By | Published on Tuesday 6 September 2016

Eventbrite

So, when Eventbrite boosted its dance music credentials by hiring the founder and CEO of American clubbing-focused ticketing platform Wanttickets.com back in July, what did Wanttickets.com think about all that? I think it’s fair to say it wasn’t impressed.

So much so, it turns out the whole thing went legal last month, with litigation now pending against the two former Wanttickets execs Eventbrite hired, Barak Schurr and Diego Carlin.

According to Wanttickets CFO Richard Blakely, his firm had been in talks to sell to Eventbrite, but the deal fell through. As another buyer was then found for the company, Blakely alleges, it was discovered that Schurr and Carlin had been working for and promoting Eventbrite, even while still being on the Wanttickets payroll. That discovery led to the two execs basically being fired, it’s claimed.

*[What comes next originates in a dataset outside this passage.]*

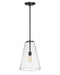 Myhouse Lighting Hinkley - 41047SK - LED Pendant - Vance - Satin Black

But, as IQ notes, Schurr denies that version of events. He admits that his original conversations with Eventbrite were in relation to the proposal that it buy Wanttickets, but he says that this was because the latter’s then owners had expressed an interest in selling the business. “At no time during this process was I moving business from Wanttickets to Eventbrite”, he adds.

He then argues that the termination of his and Carlin’s contracts with Wanttickets had nothing to do with any alleged misconduct, arguing that they were told by Blakeley himself that the company’s new owners simply wanted to put in their own management. And it was after that development, Shurr goes on, that he and Carlin began speaking to Eventbrite about bringing their dance music expertise to that business.

Commenting on the dispute for their part, an Eventbrite spokesperson told IQ: “Due to pending litigation, I’m unfortunately unable to share any specifics about Barak and Diego, but what I can assure you is that competing fairly is of critical importance and central to our ethics at Eventbrite and we continue to operate as such”.

UPDATE 2PM 6 SEP 2016: Clarification that only Barak Schurr and Diego Carlin, not Eventbrite itself, are currently being sued.